Task objective >>
All lines from the one containing "O BOALĂ contagioasă" through the end of the data below must be reproduced exactly, and no others.

+---+

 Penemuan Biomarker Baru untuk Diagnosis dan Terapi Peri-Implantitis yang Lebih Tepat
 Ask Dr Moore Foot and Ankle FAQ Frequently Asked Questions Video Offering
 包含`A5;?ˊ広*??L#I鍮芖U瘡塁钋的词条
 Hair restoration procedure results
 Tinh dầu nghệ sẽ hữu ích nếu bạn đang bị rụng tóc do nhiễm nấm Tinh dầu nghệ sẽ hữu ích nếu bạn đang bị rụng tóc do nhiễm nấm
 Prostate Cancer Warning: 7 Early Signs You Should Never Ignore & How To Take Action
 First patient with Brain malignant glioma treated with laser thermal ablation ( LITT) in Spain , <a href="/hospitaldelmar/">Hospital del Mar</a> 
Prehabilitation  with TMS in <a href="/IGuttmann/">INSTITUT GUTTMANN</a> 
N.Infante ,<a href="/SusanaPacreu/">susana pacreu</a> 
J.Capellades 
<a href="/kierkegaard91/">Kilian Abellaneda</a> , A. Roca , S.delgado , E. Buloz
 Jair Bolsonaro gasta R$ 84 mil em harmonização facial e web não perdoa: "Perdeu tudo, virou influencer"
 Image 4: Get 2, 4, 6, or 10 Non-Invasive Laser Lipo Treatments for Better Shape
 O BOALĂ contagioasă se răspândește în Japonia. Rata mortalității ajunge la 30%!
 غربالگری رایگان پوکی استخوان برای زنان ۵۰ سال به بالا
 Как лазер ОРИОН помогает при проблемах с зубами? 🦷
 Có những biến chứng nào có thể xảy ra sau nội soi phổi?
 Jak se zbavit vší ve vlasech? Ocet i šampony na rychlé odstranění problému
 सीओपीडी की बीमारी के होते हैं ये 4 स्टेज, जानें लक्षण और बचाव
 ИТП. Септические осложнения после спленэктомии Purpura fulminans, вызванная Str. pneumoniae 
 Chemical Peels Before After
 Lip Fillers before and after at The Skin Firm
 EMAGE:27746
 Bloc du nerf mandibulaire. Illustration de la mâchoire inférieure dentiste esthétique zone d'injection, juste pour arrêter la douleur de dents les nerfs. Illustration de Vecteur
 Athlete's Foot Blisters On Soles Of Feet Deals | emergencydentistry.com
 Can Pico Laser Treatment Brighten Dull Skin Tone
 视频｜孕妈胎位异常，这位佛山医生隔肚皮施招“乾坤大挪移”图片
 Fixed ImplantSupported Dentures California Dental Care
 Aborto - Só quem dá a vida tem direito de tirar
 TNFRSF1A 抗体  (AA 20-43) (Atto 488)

+---+

Solution >>
 O BOALĂ contagioasă se răspândește în Japonia. Rata mortalității ajunge la 30%!
 غربالگری رایگان پوکی استخوان برای زنان ۵۰ سال به بالا
 Как лазер ОРИОН помогает при проблемах с зубами? 🦷
 Có những biến chứng nào có thể xảy ra sau nội soi phổi?
 Jak se zbavit vší ve vlasech? Ocet i šampony na rychlé odstranění problému
 सीओपीडी की बीमारी के होते हैं ये 4 स्टेज, जानें लक्षण और बचाव
 ИТП. Септические осложнения после спленэктомии Purpura fulminans, вызванная Str. pneumoniae 
 Chemical Peels Before After
 Lip Fillers before and after at The Skin Firm
 EMAGE:27746
 Bloc du nerf mandibulaire. Illustration de la mâchoire inférieure dentiste esthétique zone d'injection, juste pour arrêter la douleur de dents les nerfs. Illustration de Vecteur
 Athlete's Foot Blisters On Soles Of Feet Deals | emergencydentistry.com
 Can Pico Laser Treatment Brighten Dull Skin Tone
 视频｜孕妈胎位异常，这位佛山医生隔肚皮施招“乾坤大挪移”图片
 Fixed ImplantSupported Dentures California Dental Care
 Aborto - Só quem dá a vida tem direito de tirar
 TNFRSF1A 抗体  (AA 20-43) (Atto 488)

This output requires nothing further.